Are we never to rank refined culture as superior to the sordid money-getting faculties? Are we forever to devote ourselves to the coarse side of man, while the God-side, the intellectual, the moral remains undeveloped? Who can estimate the real wealth that inheres in a fine character and a cultivated life, which brings joy and gladness into every home it enters, into every street car, store, factory, or office, — wherever it goes. It was said that the soldiers in hospitals in the Crimean War used to say they could feel when Florence Nightingale was coming, long before they could see her. They could feel her refined personality, her sweet influence radiating everywhere. These fine characters carry sunshine and gladness wherever they go. No gloom or discouragement can exist in their presence. Everything coarse and brutal flees before them as darkness and gloom flee before the rising sun. The greatest achievement possible to mortals is the cultivation of the sweetness and light which radiate from a refined and exquisite personality. How base and mean money and huge estates look in comparison. All other things fade before it. Its touch is like magic to win friendship, influence, power. Can you afford to chill, to discourage, to crush out of your life this sweet, sensitive plant, which would flower in your nature and give added glory to your life, for the sake of a few dollars, a little questionable fame?

Are the gift of life and the possibilities of man so cheap that we can afford to spend our existence in elbowing our way through life, crowding and jostling one another, trampling upon the weak in our mad greed and selfish ambition to rob them simply because we are stronger? Is might the right to which the higher civilization looks forward? If I plead for self-culture, self-improvement, for the development of the finest and the sweetest qualities of human nature, I must protest against the pace that kills them, the strenuous life that crushes them out, the mad haste, that tramples them under foot. It is incredible that men and women will pay such a price for things not worthwhile, that they will discard the imperishable in their rush for that which will fade and die.

Watch the typical businessman in the early morning as he crosses the park, or common, or public garden, all radiant with beauty, which bids for his attention on every hand, while he walks rapidly along unconscious of it all. Masses of loveliness smile from flower beds, or blossom, or shrub, or tree, without attracting even a passing glance. He passes through the country when bird and brook and wildflower are vying with one another to arouse him from his absorption in business problems with the same careless indifference. People are so .taken up with putting money into their purses that they have no time to put beauty into their lives. They are so absorbed in making a living that they have no time to make a life. Man cannot live by bread alone; his higher life demands an impalpable food.

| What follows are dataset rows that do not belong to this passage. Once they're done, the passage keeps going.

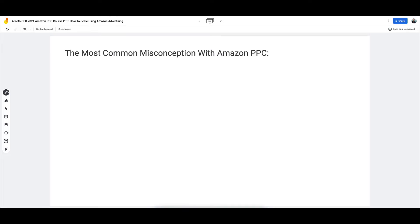So now let's start with the most common misconception with Amazon PPC. You might think this is the same thing we've covered — most common mistake, most common issue — but now I'm talking about the most common false belief that actually causes a lot of issues, basically causes a lot of mistakes, and prevents sellers from being successful with PPC.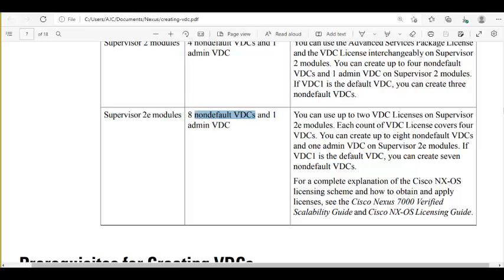On supervisor 1 and supervisor 2, only one license is allowed — maximum four VDCs. But supervisor 2e supports up to two licenses; as a result, you can have eight VDCs. Two licenses, each covering four VDCs, gives eight non-default VDCs and one admin VDC.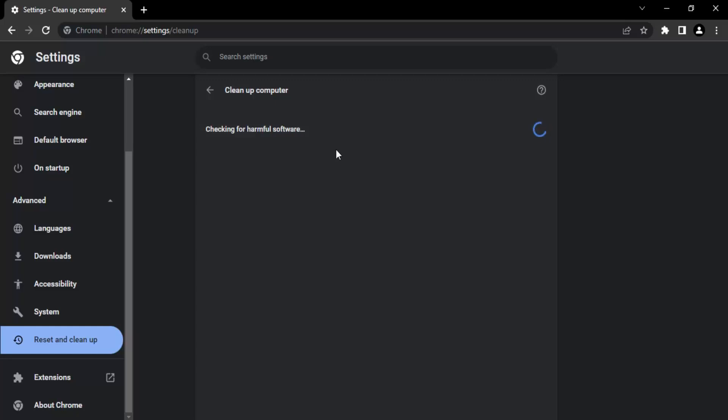Once you've got the list, either you can go to the Control Panel in Windows and just remove all those software, or you can decide what you want to do with those software. If you don't get any list and it says there is no harmful software, then you're good to go. You can proceed with your normal browsing.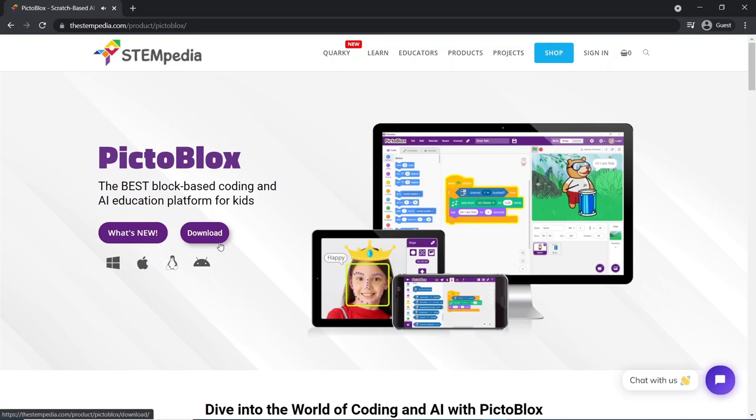Do write to us if you have any questions or queries at support@stempedia.com for assistance. Thank you for watching.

"Few of us," says Sir John Lubbock, “realize the wonderful privilege of living; the blessing we inherit, the glories and beauties of the Universe, which is our own if we choose to have it so; the extent to which we can make ourselves what we wish to be; or the power we possess of securing peace, of triumphing over pain and sorrow.”

We go through life with our eyes steadily fixed on a distant goal, straining every nerve to reach it. We pass on our way opportunities innumerable of helping others over rough places, of brightening and beautifying the commonplace life of every day. But we see them not. Heedless of all that does not help us on the line of our particular ambition we finally arrive at our destination to find — what? We have gained what we sought at the cost of all that sweetens and beautifies, ennobles and enriches life.

Fortunate indeed is the child who is trained to see beauty in everything and everywhere. An eye so trained is a perpetual magnifying glass revealing beauties invisible to the uncultivated eye. This self-culture, if properly conducted, will open up a thousand avenues of enjoyment beyond the reach of the ignorant. Let the youth be taught to look for beauty in all he sees, to embody beauty in all he does, and the imagination will then be both active and healthy. Life will be neither a drudgery nor a dream, but will become full of God's life and love.